**REQUIRED WORK**
Copy each record below without changing a single word.

**** PROVIDED DATA

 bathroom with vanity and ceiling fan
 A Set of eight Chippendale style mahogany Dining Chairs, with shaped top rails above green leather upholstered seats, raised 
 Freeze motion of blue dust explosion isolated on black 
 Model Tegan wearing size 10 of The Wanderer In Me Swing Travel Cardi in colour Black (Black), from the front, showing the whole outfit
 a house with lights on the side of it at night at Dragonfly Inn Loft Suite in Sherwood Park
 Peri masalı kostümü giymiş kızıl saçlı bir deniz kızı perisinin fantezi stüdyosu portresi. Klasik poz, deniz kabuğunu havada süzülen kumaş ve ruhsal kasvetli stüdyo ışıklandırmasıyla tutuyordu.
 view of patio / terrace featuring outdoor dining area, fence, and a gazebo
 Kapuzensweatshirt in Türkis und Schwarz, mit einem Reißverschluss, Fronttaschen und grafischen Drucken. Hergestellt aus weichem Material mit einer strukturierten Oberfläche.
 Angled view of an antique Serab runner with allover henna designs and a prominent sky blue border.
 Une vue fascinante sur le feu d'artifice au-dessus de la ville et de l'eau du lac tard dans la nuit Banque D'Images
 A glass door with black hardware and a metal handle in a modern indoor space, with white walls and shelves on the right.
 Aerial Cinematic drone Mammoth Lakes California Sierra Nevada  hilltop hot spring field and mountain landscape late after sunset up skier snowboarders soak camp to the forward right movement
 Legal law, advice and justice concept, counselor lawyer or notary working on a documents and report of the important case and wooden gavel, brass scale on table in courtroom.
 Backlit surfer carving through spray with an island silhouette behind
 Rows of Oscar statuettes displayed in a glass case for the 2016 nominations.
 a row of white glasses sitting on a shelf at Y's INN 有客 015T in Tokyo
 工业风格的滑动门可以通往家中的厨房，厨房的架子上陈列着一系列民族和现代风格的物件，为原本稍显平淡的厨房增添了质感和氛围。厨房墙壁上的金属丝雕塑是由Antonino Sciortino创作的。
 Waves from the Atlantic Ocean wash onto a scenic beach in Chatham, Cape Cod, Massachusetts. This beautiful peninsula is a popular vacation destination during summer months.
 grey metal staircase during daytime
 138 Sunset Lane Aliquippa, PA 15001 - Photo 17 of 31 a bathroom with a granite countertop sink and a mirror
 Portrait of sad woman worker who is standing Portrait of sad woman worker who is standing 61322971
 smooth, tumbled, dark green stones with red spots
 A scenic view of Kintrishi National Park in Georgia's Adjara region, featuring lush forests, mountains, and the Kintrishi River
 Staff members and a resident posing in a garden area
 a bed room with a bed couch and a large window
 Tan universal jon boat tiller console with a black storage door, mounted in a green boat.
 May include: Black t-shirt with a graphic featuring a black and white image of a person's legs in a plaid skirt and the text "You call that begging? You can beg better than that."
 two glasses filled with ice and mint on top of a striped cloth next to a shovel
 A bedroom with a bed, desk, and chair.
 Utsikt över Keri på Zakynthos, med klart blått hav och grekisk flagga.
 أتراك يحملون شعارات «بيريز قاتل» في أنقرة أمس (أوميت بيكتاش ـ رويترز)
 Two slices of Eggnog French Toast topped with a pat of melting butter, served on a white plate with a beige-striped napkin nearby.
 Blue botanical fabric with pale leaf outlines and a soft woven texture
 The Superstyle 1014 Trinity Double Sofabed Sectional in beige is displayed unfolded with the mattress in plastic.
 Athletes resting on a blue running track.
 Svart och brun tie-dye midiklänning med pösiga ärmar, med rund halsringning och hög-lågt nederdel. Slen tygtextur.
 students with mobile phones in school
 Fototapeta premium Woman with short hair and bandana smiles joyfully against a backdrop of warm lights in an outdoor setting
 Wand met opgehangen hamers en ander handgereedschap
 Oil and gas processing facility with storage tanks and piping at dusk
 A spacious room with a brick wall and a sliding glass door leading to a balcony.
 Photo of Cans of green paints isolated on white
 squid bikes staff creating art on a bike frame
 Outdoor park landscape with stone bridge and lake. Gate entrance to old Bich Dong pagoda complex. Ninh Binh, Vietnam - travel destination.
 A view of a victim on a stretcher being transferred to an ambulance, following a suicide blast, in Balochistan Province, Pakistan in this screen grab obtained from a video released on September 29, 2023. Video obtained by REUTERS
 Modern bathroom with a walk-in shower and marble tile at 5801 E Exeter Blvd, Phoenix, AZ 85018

********

**TASK RESULT**
 bathroom with vanity and ceiling fan
 A Set of eight Chippendale style mahogany Dining Chairs, with shaped top rails above green leather upholstered seats, raised 
 Freeze motion of blue dust explosion isolated on black 
 Model Tegan wearing size 10 of The Wanderer In Me Swing Travel Cardi in colour Black (Black), from the front, showing the whole outfit
 a house with lights on the side of it at night at Dragonfly Inn Loft Suite in Sherwood Park
 Peri masalı kostümü giymiş kızıl saçlı bir deniz kızı perisinin fantezi stüdyosu portresi. Klasik poz, deniz kabuğunu havada süzülen kumaş ve ruhsal kasvetli stüdyo ışıklandırmasıyla tutuyordu.
 view of patio / terrace featuring outdoor dining area, fence, and a gazebo
 Kapuzensweatshirt in Türkis und Schwarz, mit einem Reißverschluss, Fronttaschen und grafischen Drucken. Hergestellt aus weichem Material mit einer strukturierten Oberfläche.
 Angled view of an antique Serab runner with allover henna designs and a prominent sky blue border.
 Une vue fascinante sur le feu d'artifice au-dessus de la ville et de l'eau du lac tard dans la nuit Banque D'Images
 A glass door with black hardware and a metal handle in a modern indoor space, with white walls and shelves on the right.
 Aerial Cinematic drone Mammoth Lakes California Sierra Nevada  hilltop hot spring field and mountain landscape late after sunset up skier snowboarders soak camp to the forward right movement
 Legal law, advice and justice concept, counselor lawyer or notary working on a documents and report of the important case and wooden gavel, brass scale on table in courtroom.
 Backlit surfer carving through spray with an island silhouette behind
 Rows of Oscar statuettes displayed in a glass case for the 2016 nominations.
 a row of white glasses sitting on a shelf at Y's INN 有客 015T in Tokyo
 工业风格的滑动门可以通往家中的厨房，厨房的架子上陈列着一系列民族和现代风格的物件，为原本稍显平淡的厨房增添了质感和氛围。厨房墙壁上的金属丝雕塑是由Antonino Sciortino创作的。
 Waves from the Atlantic Ocean wash onto a scenic beach in Chatham, Cape Cod, Massachusetts. This beautiful peninsula is a popular vacation destination during summer months.
 grey metal staircase during daytime
 138 Sunset Lane Aliquippa, PA 15001 - Photo 17 of 31 a bathroom with a granite countertop sink and a mirror
 Portrait of sad woman worker who is standing Portrait of sad woman worker who is standing 61322971
 smooth, tumbled, dark green stones with red spots
 A scenic view of Kintrishi National Park in Georgia's Adjara region, featuring lush forests, mountains, and the Kintrishi River
 Staff members and a resident posing in a garden area
 a bed room with a bed couch and a large window
 Tan universal jon boat tiller console with a black storage door, mounted in a green boat.
 May include: Black t-shirt with a graphic featuring a black and white image of a person's legs in a plaid skirt and the text "You call that begging? You can beg better than that."
 two glasses filled with ice and mint on top of a striped cloth next to a shovel
 A bedroom with a bed, desk, and chair.
 Utsikt över Keri på Zakynthos, med klart blått hav och grekisk flagga.
 أتراك يحملون شعارات «بيريز قاتل» في أنقرة أمس (أوميت بيكتاش ـ رويترز)
 Two slices of Eggnog French Toast topped with a pat of melting butter, served on a white plate with a beige-striped napkin nearby.
 Blue botanical fabric with pale leaf outlines and a soft woven texture
 The Superstyle 1014 Trinity Double Sofabed Sectional in beige is displayed unfolded with the mattress in plastic.
 Athletes resting on a blue running track.
 Svart och brun tie-dye midiklänning med pösiga ärmar, med rund halsringning och hög-lågt nederdel. Slen tygtextur.
 students with mobile phones in school
 Fototapeta premium Woman with short hair and bandana smiles joyfully against a backdrop of warm lights in an outdoor setting
 Wand met opgehangen hamers en ander handgereedschap
 Oil and gas processing facility with storage tanks and piping at dusk
 A spacious room with a brick wall and a sliding glass door leading to a balcony.
 Photo of Cans of green paints isolated on white
 squid bikes staff creating art on a bike frame
 Outdoor park landscape with stone bridge and lake. Gate entrance to old Bich Dong pagoda complex. Ninh Binh, Vietnam - travel destination.
 A view of a victim on a stretcher being transferred to an ambulance, following a suicide blast, in Balochistan Province, Pakistan in this screen grab obtained from a video released on September 29, 2023. Video obtained by REUTERS
 Modern bathroom with a walk-in shower and marble tile at 5801 E Exeter Blvd, Phoenix, AZ 85018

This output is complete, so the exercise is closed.